French soccer league cheers defeat of government’s 75% tax proposal
The French Football League (LFP) on Saturday welcomed news that France’s top constitutional body had thrown out plans by the Socialist government to introduce a 75-percent upper income tax rate.
The rate would have applied to anyone earning over one million euros a year – therefore top footballers such as Paris Saint Germain’s Swedish star striker Zlatan Ibrahomovic, would have been affected.
The policy was also a centrepiece tax measure for the government of President Francois Hollande.
Although the government has vowed to propose a new measure which would conform with the constitution the LFP welcomed Saturday’s news.

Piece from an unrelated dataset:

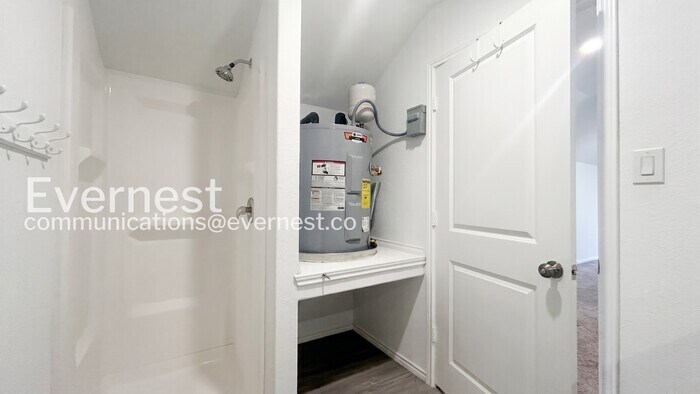 Building Photo - 7037 Elm Cv
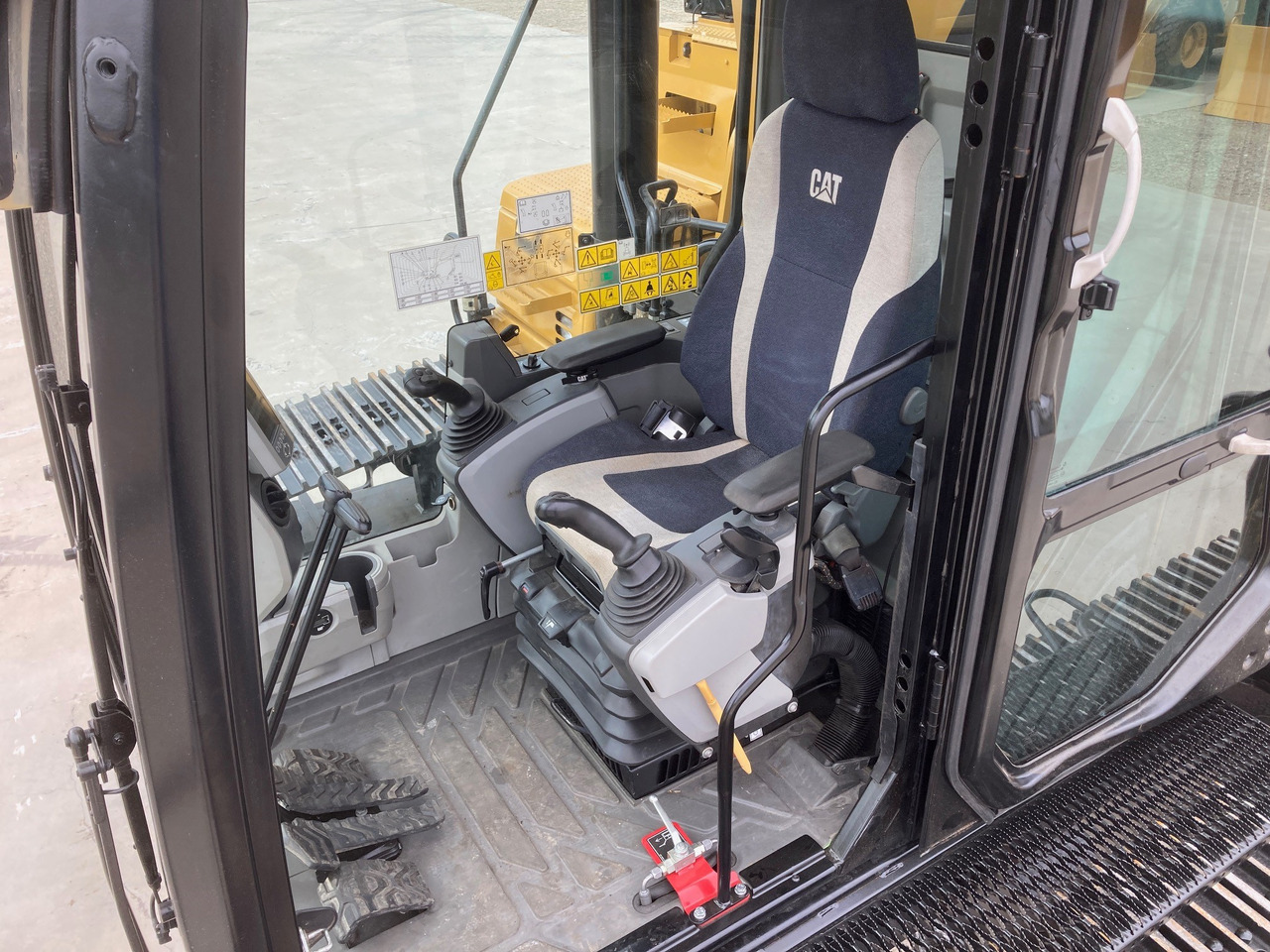 Перегружатель CATERPILLAR 352F Material Handler: фото 15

“This is a fine and indispensable collective victory” for French football, the body said in a statement.
“Professional football did the right thing in fighting (the measure),” said LFP chairman Frederic Thiriez. “Right from the start we had sounded the alarm on the dangers of such taxation – dangers for French football with disastrous consequences for clubs.”
He added that if the measure had reached the statute book there could have been an “exodus of the best players” in the French league.
The Constitutional Council said the temporary two-year tax rate, which had been due to take effect next year, was unconstitutional because unlike other forms of income tax it applied to individuals instead of whole households.
Thiriez said the Council had listened to detractors of the policy, including the LFP and had with its ruling averted a “grave threat to the future” of the professional game in France.
The chairman of the clubs’ union UCPF, Jean-Pierre Louvel, told AFP it had been “important to rule this tax offside”.
Louvel explained: “Aside from PSG (bankrolled by its Qatari owners) no club has the wherewithal to pay this tax” hence there would have been an “outflow of talent.”
The tax rate had also angered business leaders and prompted some wealthy French citizens to seek tax exile abroad, including actor Gerard Depardieu, who recently took up residency in Belgium after the government personally criticised him.
The Council ruled that the proposed policy “failed to recognise equality before public burdens”.
Though largely symbolic — it would have applied to only about 1,500 individuals — the Socialists said the tax rate was aimed at making the ultra-rich contribute more to tackling France’s budget deficit.
It was a flagship promise of the election campaign that saw Hollande defeat right-winger Nicolas Sarkozy in May.